Action item:
In the records below, find the line with "Mette Arpe Hansen's erhvervskarriere kort" and the line with "HERMES（エルメス）HERMES (エルメス) スカーフ". Print both exactly, along with every line between them, and no other line.

Entries shown:
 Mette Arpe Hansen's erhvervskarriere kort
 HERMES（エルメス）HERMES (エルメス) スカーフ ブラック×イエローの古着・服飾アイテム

* * *

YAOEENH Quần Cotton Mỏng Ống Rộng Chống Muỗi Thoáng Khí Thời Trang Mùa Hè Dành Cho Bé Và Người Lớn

* * *

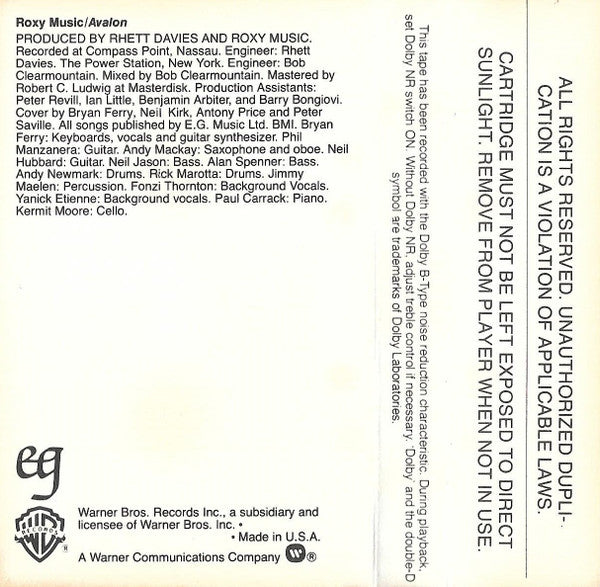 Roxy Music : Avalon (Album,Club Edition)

Answer for the task:
 Mette Arpe Hansen's erhvervskarriere kort
 HERMES（エルメス）HERMES (エルメス) スカーフ ブラック×イエローの古着・服飾アイテム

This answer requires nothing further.